▸ **Description of the task**: Every record below should be retyped exactly, and no picture should appear in the copy.

Content starts

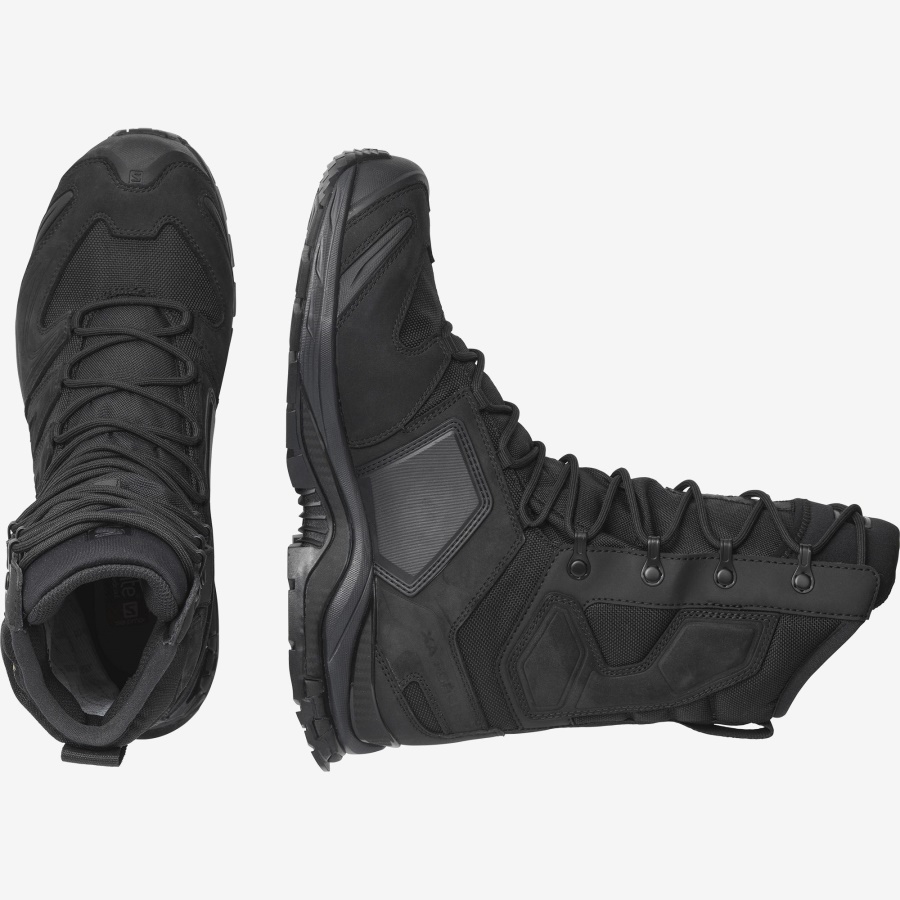 Unisex Forces Shoes Xa Forces 8 Gore-Tex En Black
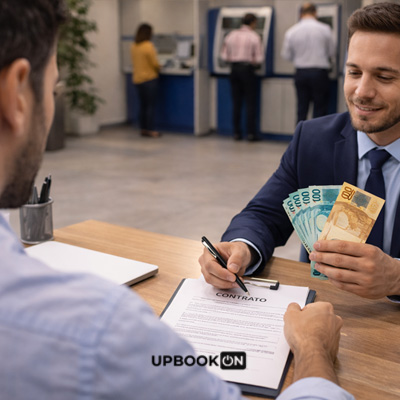 empréstimo pessoal rápido sem garantia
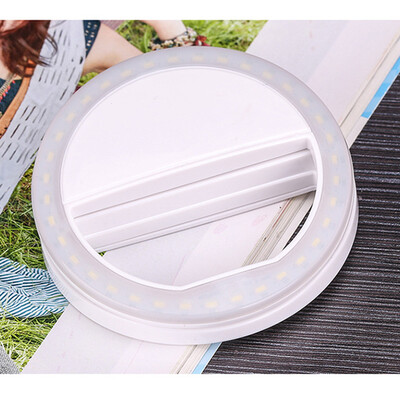 MyMei Useful Self-timer Artifact Circle Phone Beauty Bluetooth Fill Light Night Phone
MyMei Useful Self-timer Artifact Circle Phone Beauty Bluetooth Fill Light Night Phone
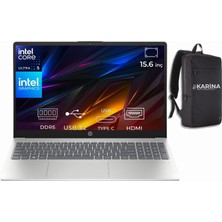 Hp Aı 15-FD2026NT Ultra 5 225U D51E0EA-K35 16GB 2tb Intel Graphics W11PRO 15.6" Full Hd Notebook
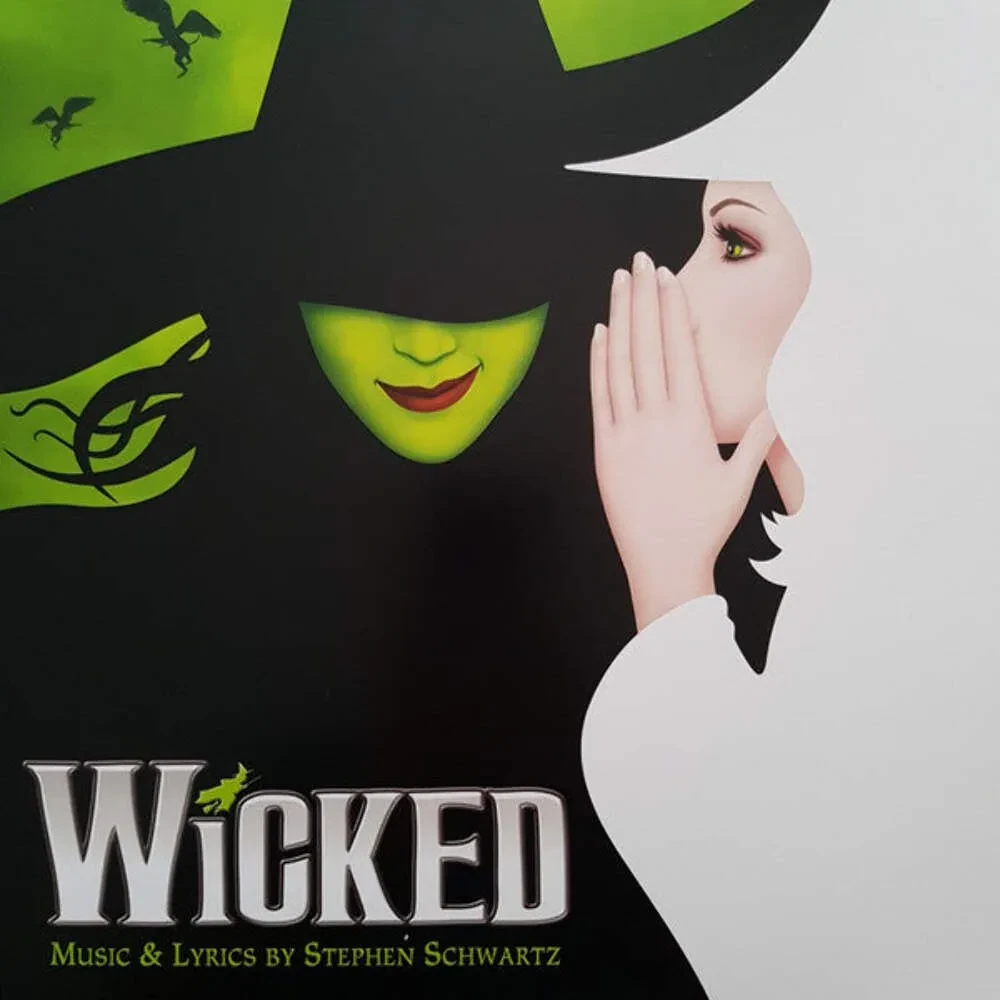 Stephen Schwartz - Wicked (Original Broadway Cast Recording) [Green Vinyl]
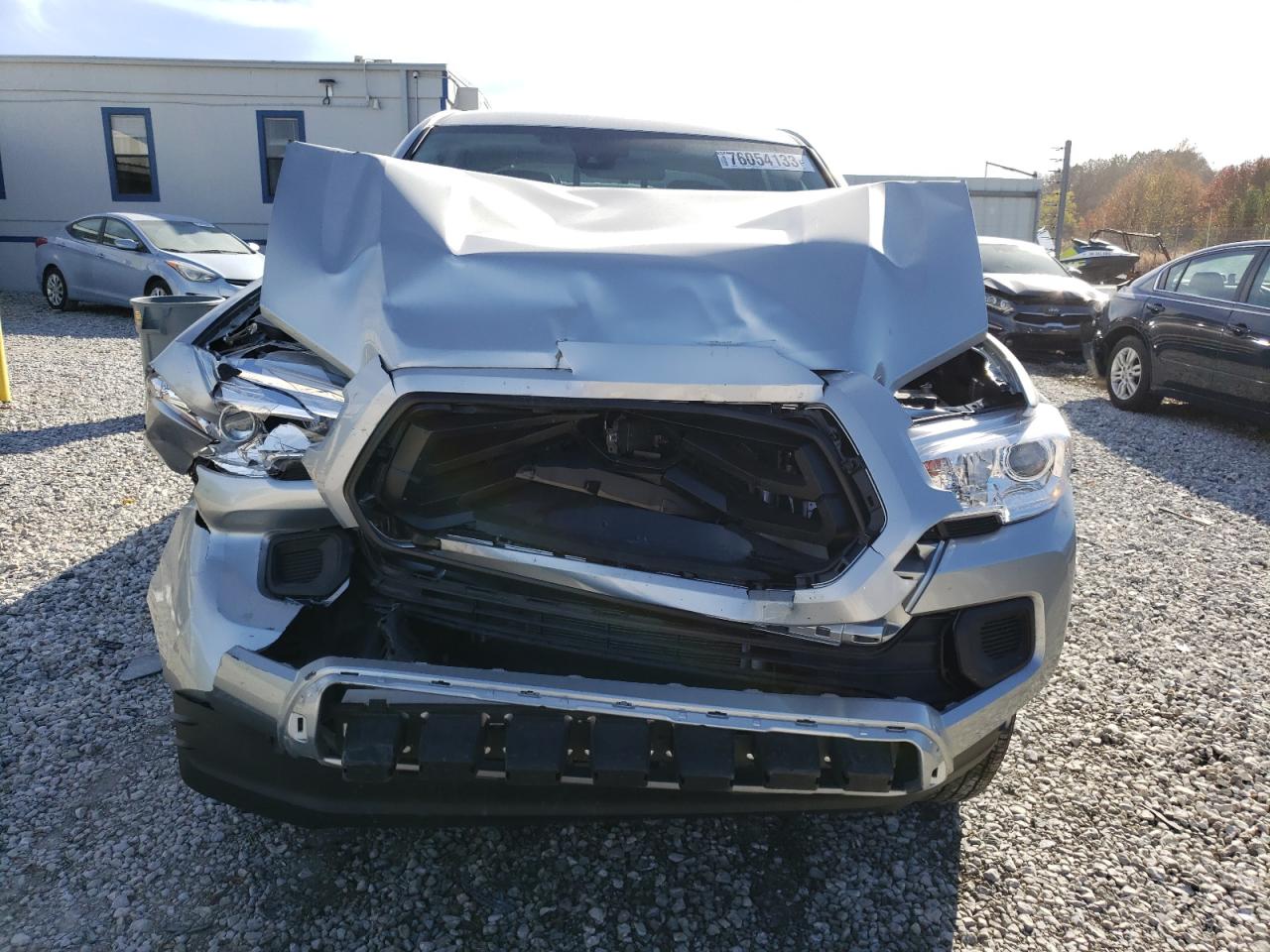 2023 TOYOTA TACOMA DOUBLE CAB VIN:3TMCZ5ANXPM541185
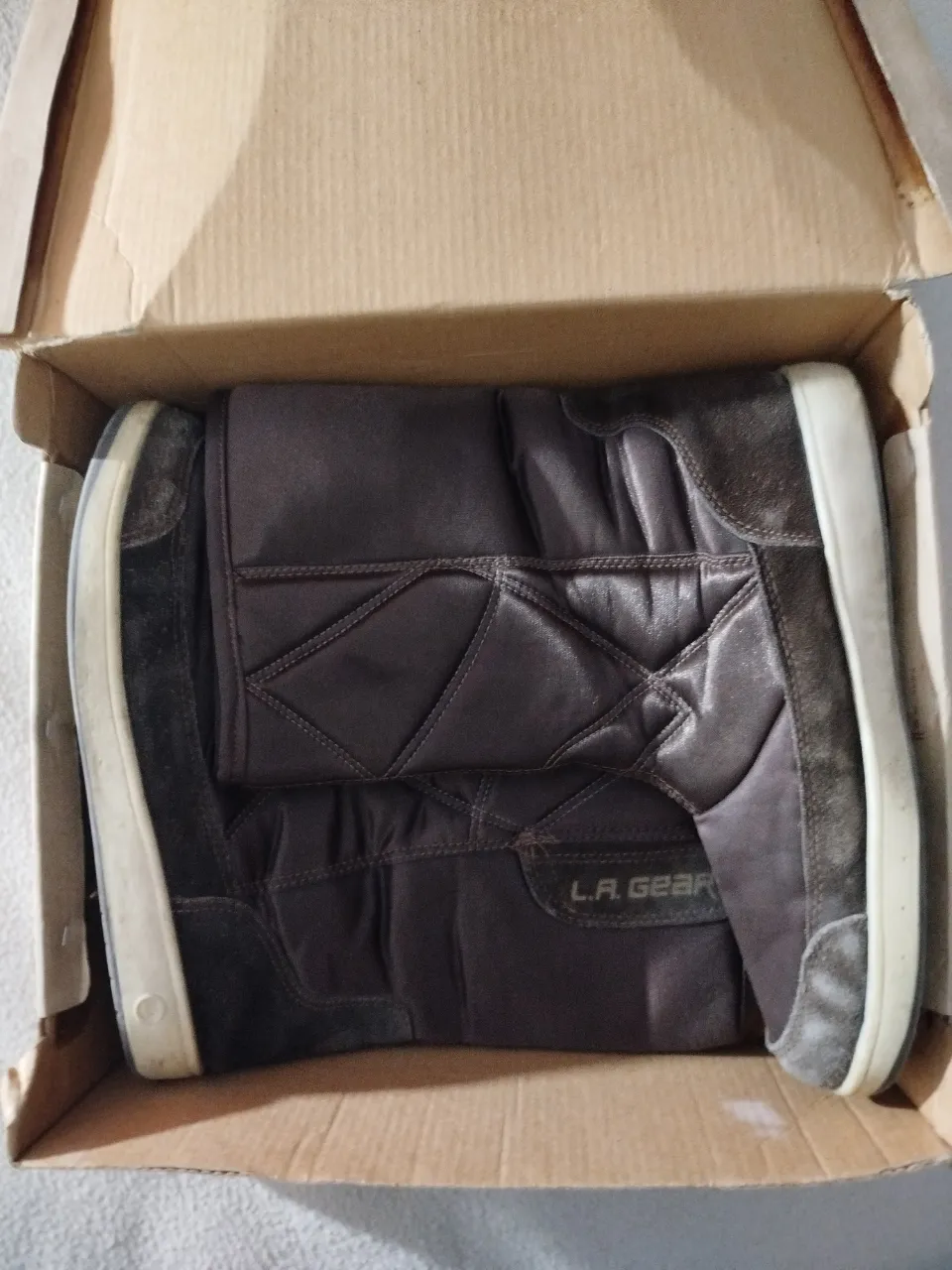 Botas La Gear - imagen 1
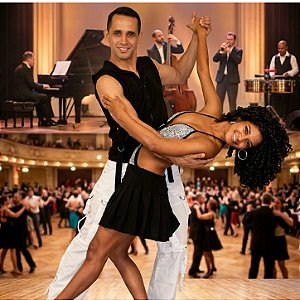 Zouk Curso Básico para Iniciantes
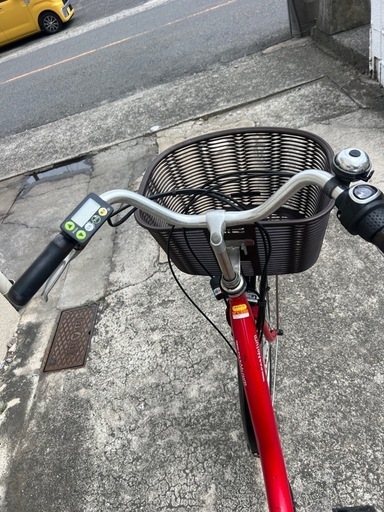 🉐355🉐バッテリー長持ち🉐🉐 YAMAHA PAS 26インチ電動自転車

Content ends

▸ **Solution for this task**:
 Unisex Forces Shoes Xa Forces 8 Gore-Tex En Black
 empréstimo pessoal rápido sem garantia
 MyMei Useful Self-timer Artifact Circle Phone Beauty Bluetooth Fill Light Night Phone
MyMei Useful Self-timer Artifact Circle Phone Beauty Bluetooth Fill Light Night Phone
 Hp Aı 15-FD2026NT Ultra 5 225U D51E0EA-K35 16GB 2tb Intel Graphics W11PRO 15.6" Full Hd Notebook
 Stephen Schwartz - Wicked (Original Broadway Cast Recording) [Green Vinyl]
 2023 TOYOTA TACOMA DOUBLE CAB VIN:3TMCZ5ANXPM541185
 Botas La Gear - imagen 1
 Zouk Curso Básico para Iniciantes
 🉐355🉐バッテリー長持ち🉐🉐 YAMAHA PAS 26インチ電動自転車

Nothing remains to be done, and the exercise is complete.